Thanksgiving Day for Mestizaje at Tlatelolco, thanks to Columbus?
Charles Edward Lincoln, III
The question about whether Columbus Day is a good thing or a bad thing (kind of reminds me of Glinda's question to Dorothy: are you a good witch or a bad witch?) is worthy of more than a single thought or two. One place to start with is with what October 12 is to reflect on what this day is called in Canada and Mexico.
In Canada, October 12 is "Thanksgiving Day" (the seasons mandate an earlier harvest up there). I always liked that, but I have a very soft spot in my heart for everything Canadian (prior to the 1990s Chinese invasion, anyhow). In Mexico, October 12 is called "Día de la Raza" (the Day of the Race, specifically the Mestizo Race, which they sometimes call "the Race of Tlatelolco"---Tlatelolco being the final battle in 1521 during which the murderous Aztec were finally defeated by the murderous Spanish Christians).
The Battle of Tlatelolco (now just an internal neighborhood near the heart of sprawling Mexico City, with a monumental open air park called the "Plaza of the Three Cultures" = Spanish, Indian, and Mexican (Mestizo)), is probably the most meaningful monument focused on this day. Columbus' arrival, first in the Bahamas and then in what is now Haiti, only later in Cuba, Jamaica, and Central America, was a lot like the Battle of Tlatelolco: it was an amazing accomplishment for a few poorly equipped European men first to discover and then Conquer the New World.
But was it an unequivocally good thing? NOT from the standpoint of the Arawak or Caribs, who were basically wiped out by European diseases to which they had no immunity within less than a hundred years of the Spanish arrival. NOT from the standpoint of the Aztec inhabitants of Mexico City, who saw their capital completely destroyed.
That Aztec capital, called "Tenochtitlan-Mexico" was a city of "floating Gardens with beautiful temples" compared by the Spanish to Venice, Baghdad, Cairo and Chinese Cities all combined. They had quite simply never seen anything like it. But they filled in the channels between the "floating" islands and laid waste to the temples in the name of Jesus Christ, and slaughtered countless Aztec in the process. Was anyone "saved?" Mexico is now quite nearly a homogeneous Christian country, except for very recent Islamic inroads....
But in the beginning, "conversion" looked more like "murder, rape, and pillage" with very little Salvation to be witnessed. All of the events of the Spanish Conquest of Mexico happened within 30 years of Columbus' landing in what is now Haiti/the Island of Hispañola ("little Spain").
The population of Haiti was neither as dense nor as advanced as the Aztec, there were no Cities or Imperial Gardens on Hispañola AT ALL. And certainly no gold, which was Columbus' first disappointment. But finding no gold, Columbus decided to enslave the people of the Island. Unlike African slavery, he didn't buy them from their owners, he just used swords and guns and chains and put them to work.
In general, Columbus should be regarded as a brilliant navigator, and major star of world history, but a terrible Colonial administrator. So he was simultaneously great and horrible, miraculous and appalling. His sponsors, King Ferdinand and Queen Isabella, imprisoned Columbus at least twice in the 13 years after 1492, and Columbus died in disgrace. However, the Great Navigator's heirs fought in the Spanish Courts for another 30-40 years after Columbus himself died in what are called the "Pleitos Colombinos" and won significant family rewards.... and they are still a noble family in Spain to this day, 529 years later....the current 18th Duke of Veragua is named Don Cristobal Colón and he is a direct descendant of Columbus' only son Diego (http://www.christopher-columbus.eu/columbus-genealogy.htm)

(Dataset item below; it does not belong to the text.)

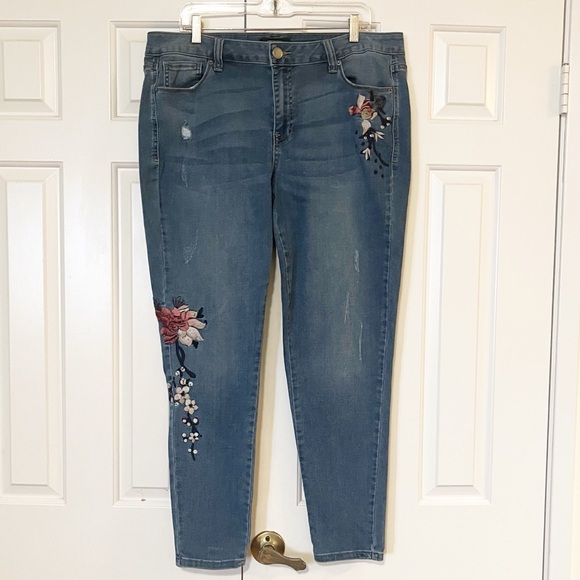 Lane Bryan Venezia Embroidered High Rise Medium Wash Blue Jeans. Size 18 - Picture 3 of 14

So Columbus was, like so many human being, a bundle of contradictions, although his Zenith and Nadir were higher than most of ours. October 12, 1492, the landing on Watling Island (aka San Salvador in the Bahamas) and the two months after (until Christmas) were, after the Crucifixion and Resurrection of Christ, and the weeks until his Ascension, were probably the most import and transformative couple of months in the history of the world. Nothing was ever the same after Christ Rose from the Grave, and nothing could ever be the same after Columbus' rag-tag band of sailors spent three months or so in the Caribbean.
In some ways, many ways actually, I wish the Vikings of Vinland/Newfoundland had established the permanent link between Europe and North America. It would have been much easier on the American Aborigines for one thing, because a northern passage would not have so suddenly introduced a plethora of Mediterranean and African diseases to an unsuspecting continent.
So, in short, I think it is right that we celebrate Columbus Day as both Thanksgiving and the Day of the Race. Our Race, the European Race, conquered for a while but we will always get the prize for innovation and discovery and for curiosity of mind and philosophical experimentation (leading to "science").